Как и многие из его фантазий и эротических пристрастий с уклоном в вуайеризм и онанизм.
Когда к родителям приходили в гости друзья и спрашивали: «А где же Сальвадор?» — те отвечали: «На чердаке. Он устроил себе мастерскую в помещении бывшей прачечной и часами сидит там наверху, играя в одиночестве».
«Что за волнующее, волшебное чувство я испытывал, убегая из родительской столовой, чтобы как сумасшедший вскарабкаться к себе под крышу и запереться на ключ в моем убежище, — через тридцать лет вспоминал свое ликование автор «Тайной жизни Сальвадора Дали». — Мое одиночество чувствовало себя там в полной безопасности».

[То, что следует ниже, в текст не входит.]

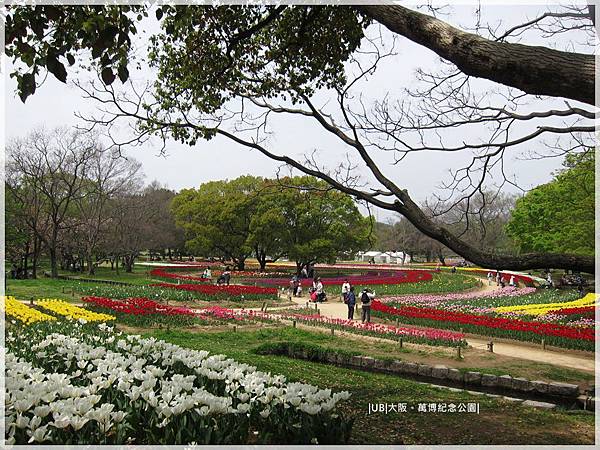 萬博紀念公園-鬱金香園.JPG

Там, восседая на так называемом «цементном троне», на своем «насесте», он подглядывал за девочками из коллежа францисканских монахинь, на которых он стыдился поднять глаза, когда встречался с ними на улице, и которые не вгоняли его в краску, когда он смотрел на них сверху. Иногда, по его признанию, он жалел о том, что не бегает вместе с другими детьми по улицам и не участвует в их играх («афродизиатических», говорит он), а лишь ловит их радостные крики, бередящие ему душу. Но при всем при том добавляет: «Я, Сальвадор, должен был сидеть в своей ванне в компании безобразных и злобных химер, окружавших мою хмурую личность».
Там он вновь становился королем, свою мантию и корону он любил надевать на праздник Епифании. И неважно, что голова его увеличивалась в объеме и ему приходилось прилагать все больше усилий, чтобы водрузить на нее корону! Там утверждались, оттачивались и развивались его эгоцентризм, мания величия и нарциссизм. И вот наступал момент, когда он «обнаруживал под своей рукой нечто маленькое, странное и влажное, что она нежно поглаживала» и на что он «смотрел с удивлением». Это был половой член.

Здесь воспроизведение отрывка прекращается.